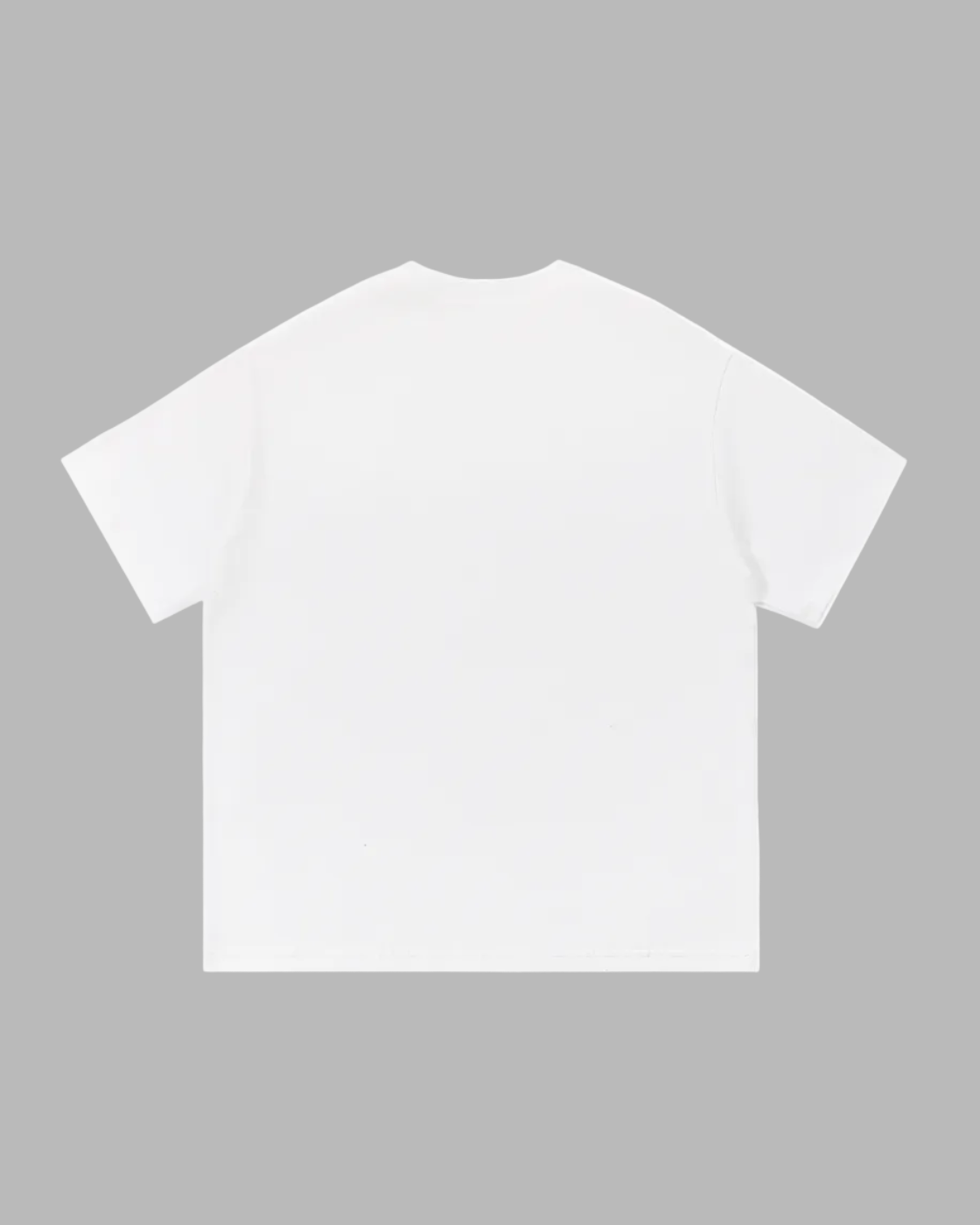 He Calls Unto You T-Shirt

◇ ◇ ◇

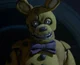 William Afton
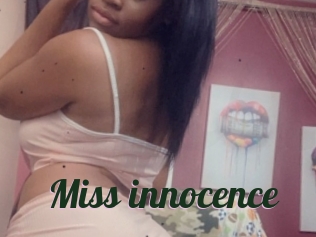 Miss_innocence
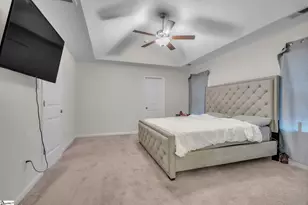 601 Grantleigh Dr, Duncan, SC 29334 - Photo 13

◇ ◇ ◇

What the task requires » With the pictures omitted, copy the entries above exactly from the line containing "Miss_innocence" through the line containing "601 Grantleigh Dr, Duncan, SC", both lines included.

Completed task »
 Miss_innocence
 601 Grantleigh Dr, Duncan, SC 29334 - Photo 13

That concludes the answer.